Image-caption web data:
◇ ◇ ◇ ◇

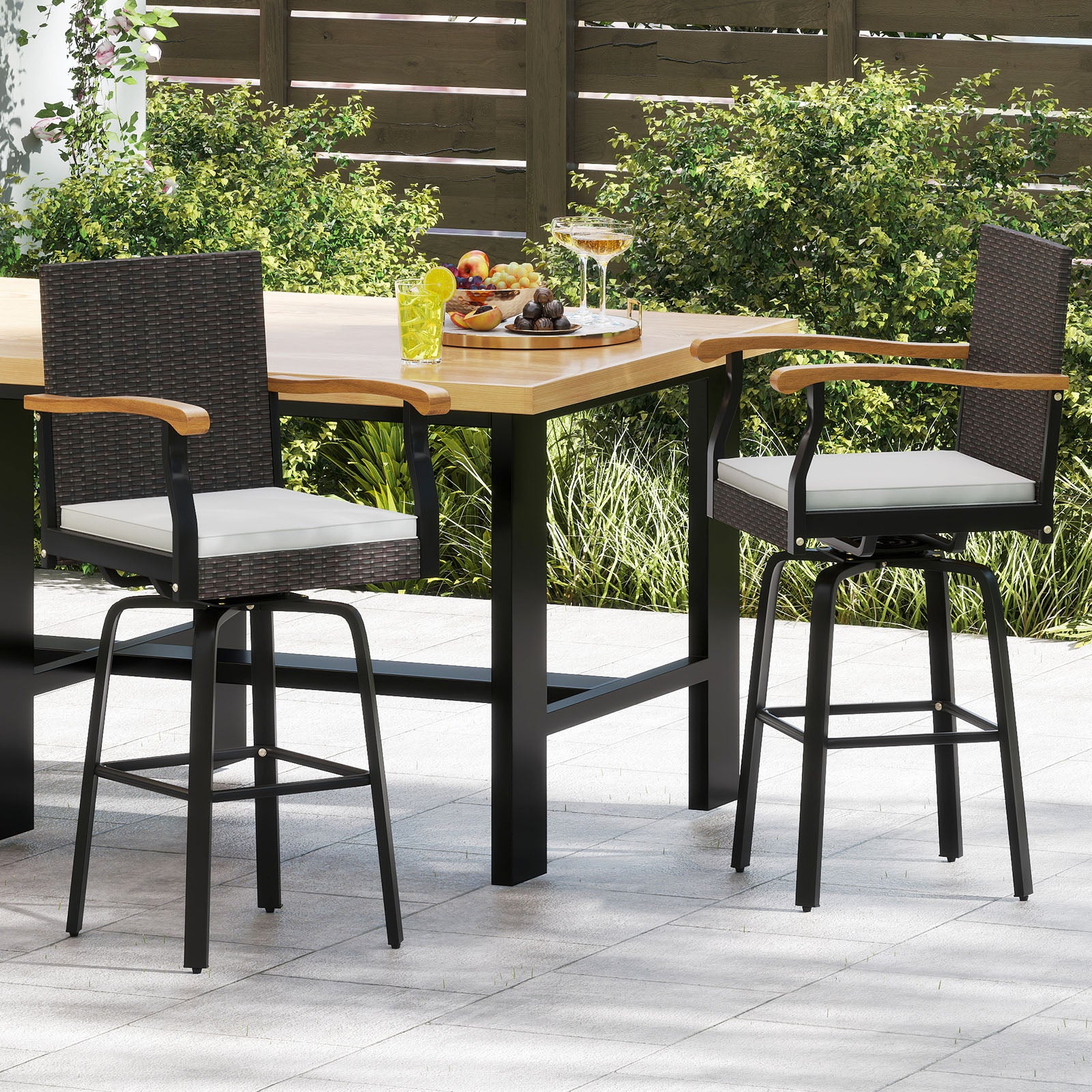 Set of 4 Outdoor 360° Swivel Bar Stool with Cushion and Acacia Wood Armrests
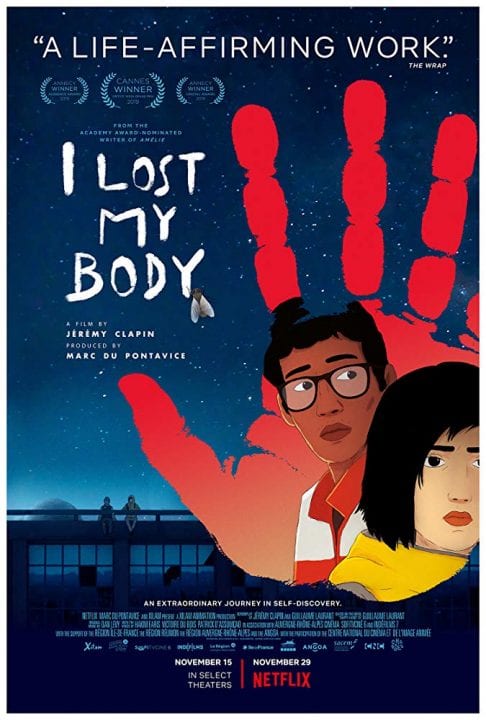Official poster for I Lost My Body. PUBLIC DOMAIN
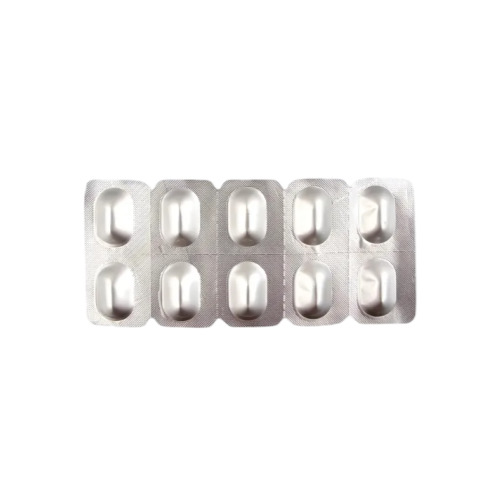 Bandy Plus (Ivermectin + Albendazole) close-up of silver blister pack containing white oval tablets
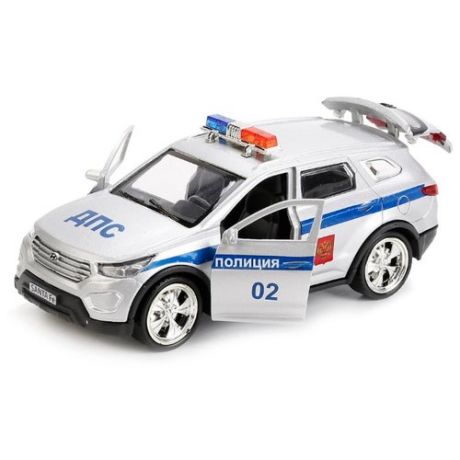 Легковой автомобиль ТЕХНОПАРК Hyundai Santa Fe Полиция (SANTAFE-POLICE) 12 см белый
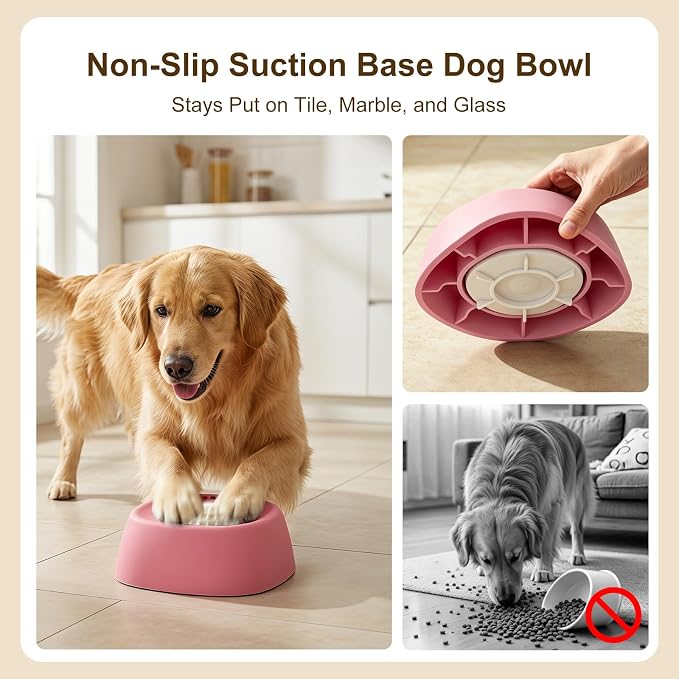 Slow Feeder Dog Bowl with Built-in Rolling Ball, No-Spill Lick Bowl for Liquid Treats, Yogurt & Bone Broth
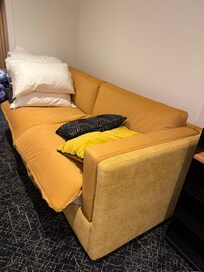 Sofa that converts into a double deck. Can be comfortable to sleep on with the proper cool temp inside the room.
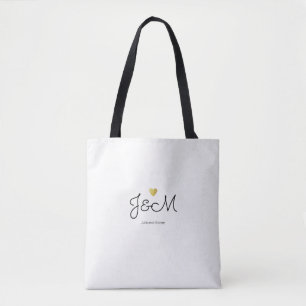 Tote Bag initiales et noms de mariée sur blanc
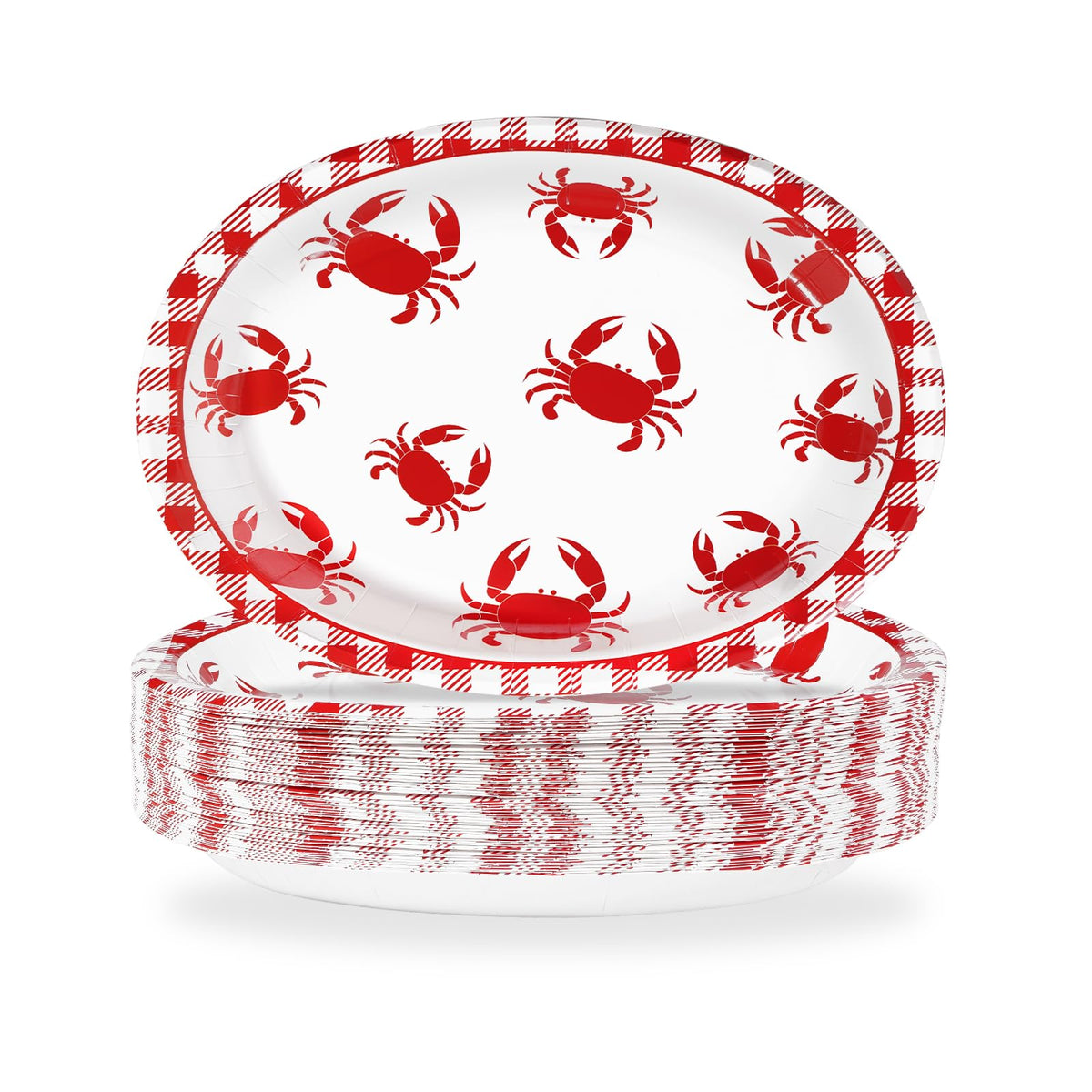 50Pcs Crab Boil Oval Paper Plates - Grencian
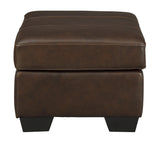 Benzara Wooden Faux Leather Upholstered Ottoman with Stitched Seating, Brown BM209217 Brown Solid wood, faux leather BM209217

◇ ◇ ◇ ◇

PROBLEM REQUIREMENTS: From the entries above, write out every line without a single change, skipping the images.

SOLUTION BELOW:
 Set of 4 Outdoor 360° Swivel Bar Stool with Cushion and Acacia Wood Armrests
Official poster for I Lost My Body. PUBLIC DOMAIN
 Bandy Plus (Ivermectin + Albendazole) close-up of silver blister pack containing white oval tablets
 Легковой автомобиль ТЕХНОПАРК Hyundai Santa Fe Полиция (SANTAFE-POLICE) 12 см белый
 Slow Feeder Dog Bowl with Built-in Rolling Ball, No-Spill Lick Bowl for Liquid Treats, Yogurt & Bone Broth
 Sofa that converts into a double deck. Can be comfortable to sleep on with the proper cool temp inside the room.
 Tote Bag initiales et noms de mariée sur blanc
 50Pcs Crab Boil Oval Paper Plates - Grencian
 Benzara Wooden Faux Leather Upholstered Ottoman with Stitched Seating, Brown BM209217 Brown Solid wood, faux leather BM209217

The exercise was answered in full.